Frankfurter Rundschau gazetesi Cumhurbaşkanı Recep Tayyip Erdoğan'ın başarısız darbe teşebbüsünü ‘Allah'ın lütfu' olarak nitelendirmesini farklı bakış açısından değerlendiriyor:
“Cumhurbaşkanı Erdoğan'ın bu yakıştırmayı yapması anlamsız değil. Şimdi hasımlarını ve rahatsızlık duyduğu muhaliflerinden daha rahat kurtulup ‘başkanlık diktası' hedefine biraz daha yaklaşacak. Bu rejim Türkiye Anayasası'na ve Avrupa Birliği'nin üyelik kriterlerine aykırıdır. Bağımsız yargıya indirilmiş bir darbedir. Adını açıkça koymak lazım: Erdoğan da bir darbeyi, Başkanlık tarafından yapılmış bir sivil darbeyi sahneliyor. Toplumsal barışı sağlamayı aklından bile geçirmiyor. Darbeci genç subaylar sadece Türkiye'deki siyasi ve sosyal kutuplaşmanın ve devlet kurumlarındaki zafiyetin arazıdır.”

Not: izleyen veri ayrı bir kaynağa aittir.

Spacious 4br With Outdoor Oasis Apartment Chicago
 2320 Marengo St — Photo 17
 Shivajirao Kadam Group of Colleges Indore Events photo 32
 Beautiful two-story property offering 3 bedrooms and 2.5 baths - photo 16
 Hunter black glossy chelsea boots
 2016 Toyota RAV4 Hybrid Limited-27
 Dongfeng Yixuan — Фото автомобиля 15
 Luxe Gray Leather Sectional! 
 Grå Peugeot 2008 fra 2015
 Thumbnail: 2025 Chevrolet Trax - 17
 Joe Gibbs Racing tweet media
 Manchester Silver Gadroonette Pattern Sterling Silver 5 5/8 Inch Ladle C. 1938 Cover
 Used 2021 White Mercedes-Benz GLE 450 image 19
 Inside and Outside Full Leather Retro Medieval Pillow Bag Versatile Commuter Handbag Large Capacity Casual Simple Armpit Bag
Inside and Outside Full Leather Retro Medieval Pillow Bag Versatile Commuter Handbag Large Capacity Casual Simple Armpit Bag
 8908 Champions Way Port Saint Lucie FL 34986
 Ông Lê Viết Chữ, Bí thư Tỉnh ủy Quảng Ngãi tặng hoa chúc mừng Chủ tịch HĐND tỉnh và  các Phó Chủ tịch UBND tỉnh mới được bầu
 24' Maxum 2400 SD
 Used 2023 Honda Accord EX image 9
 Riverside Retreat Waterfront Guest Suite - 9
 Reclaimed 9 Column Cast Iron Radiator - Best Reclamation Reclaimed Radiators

Braunschweiger Zeitung'un bastırılan darbe girişimiyle ilgili yorumunda şu satırları okuyoruz:
“Erdoğan bilge bir siyaset adamı ise, güçlü pozisyonunu karşıtlarına yaklaşmakta kullanır. O şimdi İslam muhafazakârlığı ile Batılı hayat tarzı arasında bölünen ve giderek ayrışan toplumu birleştirmek için her türlü imkâna sahip. Kürt anlaşmazlığını yumuşatabilir. Ama anlaşılan o tek başına muktedir olmak istiyor. Demokratik muhalefeti ve Kürt azınlığı ortak değil hasım addediyor. Uzlaşmayla sürekli barışı sağlamak yerine kısa ve orta vadede kendisine sınırsız iktidar yolunu açacak istikamete yöneliyor. Bunun uzun vadede Türkiye'nin hayrına olacağı şüphelidir.”
Süddeutsche Zeitung darbe girişimini konu alan yorumunda ‘Darbe ve karşı darbe' başlığını kullanmış:
“Birçok Türk'ün korku ve güvensizliği azalacak yerde artacaktır. Bu korku, kestirilemezden, cadı avından, hükümeti eleştirenlerin takibatından, sürekli olağanüstü halden, tepeden gelen darbeden duyulan korkudur. Erdoğan başarısız darbe girişiminin ‘Allah'ın lütfu' olduğunu söyledi. Bu söz darbe girişimi sırasında ortaya çıkan can kaybı açısından son derece tuhaf kaçmaktadır. Ama Cumhurbaşkanı hemen kavramıştır ki, iktidarına yapılan darbe iktidarını daha da güçlendirmiştir.”
Berlin'de yayımlanan Tageszeitung'un yorumunda da darbe girişiminin Cumhurbaşkanı Erdoğan'ın konumunu daha da güçlendirecek olmasından duyulan endişe dile getiriliyor:
“Batı doğrusunu yaparak Türkiye'deki bastırılan darbe girişimini kınamıştır. Erdoğan sevilse de sevilmese de, demokrasiyi kurtarmak için askeri araç olarak görenle, kazları tilkiye emanet eden arasında fark yoktur. Ancak Batılı değerler topluluğunun hamileri 2013 yılında Mısır'da olduğu gibi, ittifak sınırları dışındaki ülkelerde demokratik seçimle işbaşına gelmiş hükümetlerin asker tarafından iktidardan indirildiğini de hatırlasalar iyi olur. Aksi takdirde inandırıcılıklarını yitirirler. Batı'nın insan haklarında ısrar etmesini Erdoğan neden ciddiye alsın? Mutlak kudret hissine kapılmasının haklı nedenleri var. Türkiye NATO müttefiki olarak ihtiyaç duyulan bir ülke. Ayrıca Avrupa Birliği de mülteci yükünü Türkiye'ye boşaltmıyor mu? İstediğini yapabileceğine inanması gayet normaldir. Batı bir kez daha kendini bir diktatöre bağımlı kıldı. Bunun ceremesini de yine önce muhalifler ve insan hakkı savunucuları çekecek. Yazıklar olsun!”